A 2017 breach affecting approximately 147 million Americans, attributed by U.S. DOJ indictment to Chinese People's Liberation Army officers. Attackers exploited an unpatched Apache Struts vulnerability in Equifax's online dispute portal, exfiltrating Social Security numbers, dates of birth, addresses, and driver's license numbers — among the most sensitive PII combinations possible.
How did the Equifax breach happen?
Attackers exploited CVE-2017-5638, a critical Apache Struts vulnerability for which Apache had released a fix on March 7, 2017. Equifax did not patch the vulnerability before initial compromise on May 13, 2017. Attackers operated inside Equifax's network for 76 days, until July 30, 2017, before detection — exfiltrating data continuously throughout that period.
How much did the Equifax breach cost?
Direct costs exceeded $1.4 billion. The 2019 settlement with the FTC, CFPB, and 50 state attorneys general totaled $575-700 million depending on consumer claim volume. Equifax reported $1.7 billion in cumulative breach-related expenses through 2020. The CEO, CIO, and CSO all departed in the weeks following public disclosure.
Who was responsible for the Equifax breach?
In February 2020, the U.S. Department of Justice indicted four members of the Chinese People's Liberation Army (Wu Zhiyong, Wang Qian, Xu Ke, and Liu Lei) for the Equifax breach. The DOJ characterized the operation as part of China's broader effort to acquire bulk personal data of Americans for intelligence purposes.
What does the Equifax breach mean for executives?

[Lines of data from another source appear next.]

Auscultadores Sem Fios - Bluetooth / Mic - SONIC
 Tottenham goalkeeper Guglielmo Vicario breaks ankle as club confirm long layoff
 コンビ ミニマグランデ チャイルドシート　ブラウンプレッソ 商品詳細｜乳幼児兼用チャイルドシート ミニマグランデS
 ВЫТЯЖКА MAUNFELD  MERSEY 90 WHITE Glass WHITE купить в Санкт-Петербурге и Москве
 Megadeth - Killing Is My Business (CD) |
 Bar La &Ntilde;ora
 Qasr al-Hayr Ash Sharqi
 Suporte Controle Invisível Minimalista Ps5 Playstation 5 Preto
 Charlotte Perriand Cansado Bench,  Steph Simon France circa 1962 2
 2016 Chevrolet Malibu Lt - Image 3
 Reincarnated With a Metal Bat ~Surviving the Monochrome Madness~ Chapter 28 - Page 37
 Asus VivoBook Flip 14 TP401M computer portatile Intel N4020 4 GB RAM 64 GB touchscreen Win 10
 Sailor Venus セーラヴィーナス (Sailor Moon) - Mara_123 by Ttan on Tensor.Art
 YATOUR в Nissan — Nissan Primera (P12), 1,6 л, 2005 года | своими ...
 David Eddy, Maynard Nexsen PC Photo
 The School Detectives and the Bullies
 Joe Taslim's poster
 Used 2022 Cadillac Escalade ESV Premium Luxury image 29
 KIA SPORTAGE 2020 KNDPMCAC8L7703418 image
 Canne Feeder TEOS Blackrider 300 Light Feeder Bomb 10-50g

Equifax established that unpatched known vulnerabilities are the regulatory baseline failure. The FTC settlement specifically cited Equifax's failure to patch a vulnerability for which a fix was publicly available. Vulnerability management is not an operational discipline that can be deprioritized; it is a foundational control whose absence produces specific regulatory and reputational consequences when exploited.